I am pondering over the practical limitations to MAD and SAD phasing
with Se-Met at low resolution. What is the lowest resolution at which
people have solved structures "only" using phases from selenium in a
"realistic" case? Let me further qualify my question: My *realistic*
*low* resolution case is where
1. Rmerge over all resolution bins is 6-10% (i.e. your crystals are
lousy).
2. Resolution limit is worse than 3.5 Angstroms, where <I>/<sigma> in
the last resolution bin is between 1 and 3 (i.e. your crystals are
really lousy).
3. Assuming good selenium occupancy (~85%; I work with eukaryotic
expression systems, so 100% is not usually achieavable),
4. The number of selenium atoms are enough many that the
Crick-Magdoff equation would give you *at least* an average 5% change
in intensities (assuming 6 electrons contributed per selenium, based
on both absorptive and dispersive differences being at about 6 e- at
the absorption edge).
5. and specifically, no other phases and molecular replacement
solutions are available.
Obviously, I have a case very similar to what's described above, and
three years of failure with heavy atom derivatization (I am still
trying).

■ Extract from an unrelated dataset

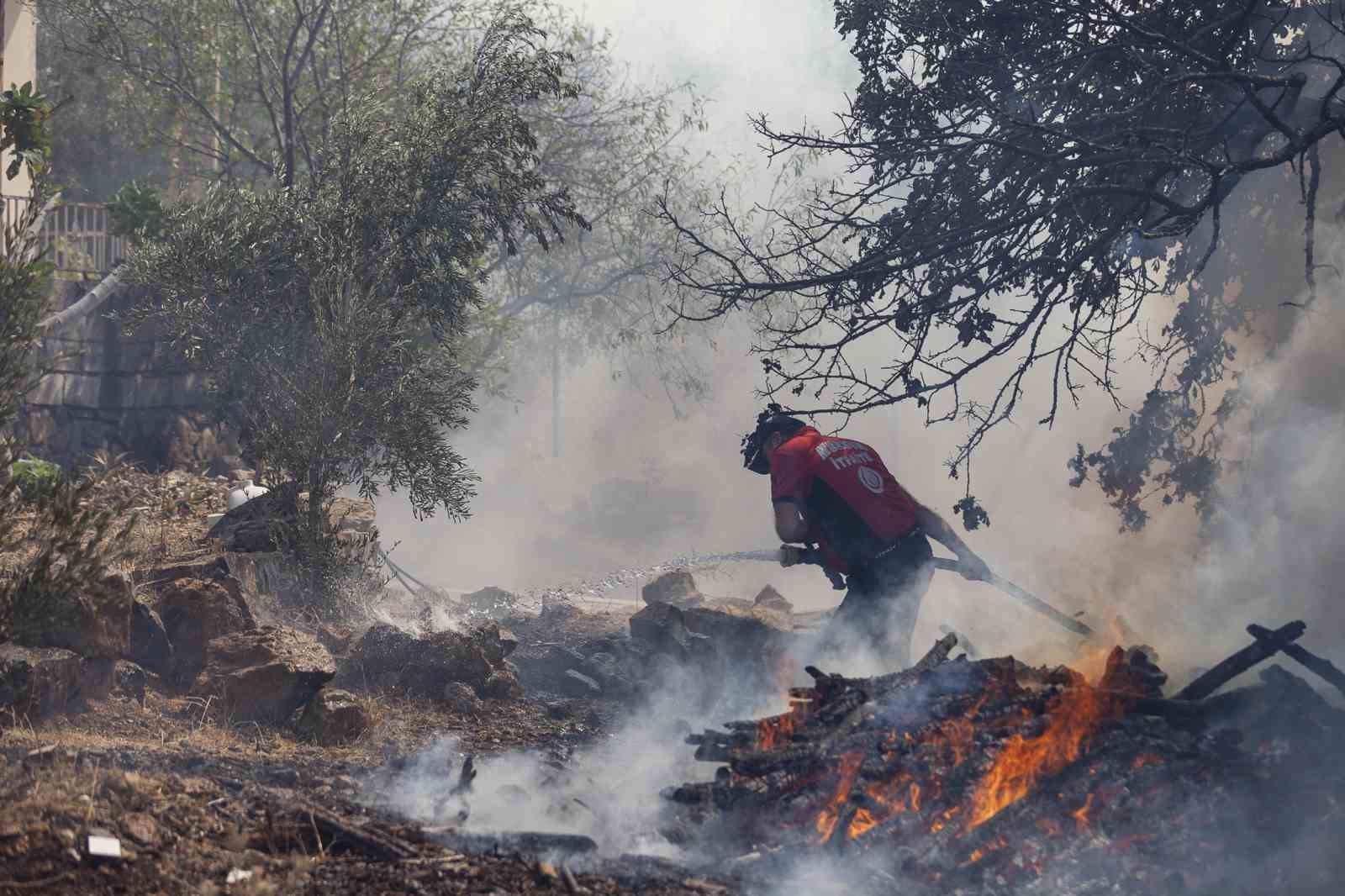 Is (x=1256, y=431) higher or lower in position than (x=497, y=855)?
higher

I would be happy to hear about Se-Met cases, and data
collection strategies (2wl vs. 3wl MAD vs. SAD, etc.) and phasing
methods used in these cases, or references of them. Again, no other
partial phases, and no data cut off at 3.6 A with an I/s of 15 in the
last resolution bin. Are there any examples out there? Searching the
RCSB and PubMed did not point out to me many successful cases.
Thanks,
Engin
P.S. I would also appreciate the specific query type for searching the
PDB on the web for phasing method (MR, MAD, SAD, MIR, etc.). They
seem to have everything under the sun searchable, but I cannot find
this one.